7/10
The Games People Play
16 January 2004
While The Business of Strangers is by no means a thoroughly satisfying film (sort of how LIFE is never always completely satisfying), it certainly makes for nearly an hour and a half of compelling, thought-provoking fare. The always-superb Stockard Channing is at her coiled best, never really seeming relaxed even when she's supposedly tanked on scotch. An Oscar-worthy performance, even when we're not completely sure of her motivations - although this is a good thing here, because SHE's not so sure about what the heck she's doing either, even though she's supposedly so in control.

And Julia Stiles shines here too, investing her character of Paula with ambiguity galore - in the course of the film she exhibits confusion, rage, sadness, cruelty, disgust and much more -- sometimes all in the same scene.
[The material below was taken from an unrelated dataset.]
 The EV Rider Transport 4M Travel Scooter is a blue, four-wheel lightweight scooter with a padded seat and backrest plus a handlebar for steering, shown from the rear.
There are no simple explanations here, no easy and tidy ending to this tale (just like in life - 'the messiness of life,' Paula alludes to early in the film). Every day people act out neurotic behavior (which has nothing to do with their daily lives but rather with things that have happened in their pasts), and every day people who are supposedly in control desperately long for 'a dominatrix' to work them over for a few hours a week. Julie 'hires' Paula to do that for her in this movie, and by the end, after all the mind games have been played and the dust settles, you're not sure what to think, which is also the way life does us for the most part.